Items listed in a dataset
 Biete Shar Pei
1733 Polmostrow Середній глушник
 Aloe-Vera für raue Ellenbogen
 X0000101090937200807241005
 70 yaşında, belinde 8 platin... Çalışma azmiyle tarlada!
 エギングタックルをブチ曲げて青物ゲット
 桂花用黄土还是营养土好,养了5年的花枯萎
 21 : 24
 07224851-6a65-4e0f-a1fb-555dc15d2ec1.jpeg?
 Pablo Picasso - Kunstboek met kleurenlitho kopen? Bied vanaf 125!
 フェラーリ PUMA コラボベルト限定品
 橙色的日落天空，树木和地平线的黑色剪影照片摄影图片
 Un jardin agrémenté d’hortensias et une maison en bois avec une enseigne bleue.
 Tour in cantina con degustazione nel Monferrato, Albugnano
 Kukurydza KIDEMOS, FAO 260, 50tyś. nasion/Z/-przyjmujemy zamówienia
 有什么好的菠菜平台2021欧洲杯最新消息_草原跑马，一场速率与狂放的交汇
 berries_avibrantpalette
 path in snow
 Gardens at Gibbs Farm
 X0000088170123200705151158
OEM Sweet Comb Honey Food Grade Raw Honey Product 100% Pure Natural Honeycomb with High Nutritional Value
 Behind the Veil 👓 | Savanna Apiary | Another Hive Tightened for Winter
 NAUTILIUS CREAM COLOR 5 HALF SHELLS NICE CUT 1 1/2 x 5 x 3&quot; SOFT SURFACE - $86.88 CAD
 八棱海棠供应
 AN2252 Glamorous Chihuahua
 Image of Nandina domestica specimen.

→ Exercise aim:
Retype word for word the line above with "橙色的日落天空，树木和地平线的黑色剪影照片摄影图片" and all lines after it, nothing else.

→ Exercise result:
 橙色的日落天空，树木和地平线的黑色剪影照片摄影图片
 Un jardin agrémenté d’hortensias et une maison en bois avec une enseigne bleue.
 Tour in cantina con degustazione nel Monferrato, Albugnano
 Kukurydza KIDEMOS, FAO 260, 50tyś. nasion/Z/-przyjmujemy zamówienia
 有什么好的菠菜平台2021欧洲杯最新消息_草原跑马，一场速率与狂放的交汇
 berries_avibrantpalette
 path in snow
 Gardens at Gibbs Farm
 X0000088170123200705151158
OEM Sweet Comb Honey Food Grade Raw Honey Product 100% Pure Natural Honeycomb with High Nutritional Value
 Behind the Veil 👓 | Savanna Apiary | Another Hive Tightened for Winter
 NAUTILIUS CREAM COLOR 5 HALF SHELLS NICE CUT 1 1/2 x 5 x 3&quot; SOFT SURFACE - $86.88 CAD
 八棱海棠供应
 AN2252 Glamorous Chihuahua
 Image of Nandina domestica specimen.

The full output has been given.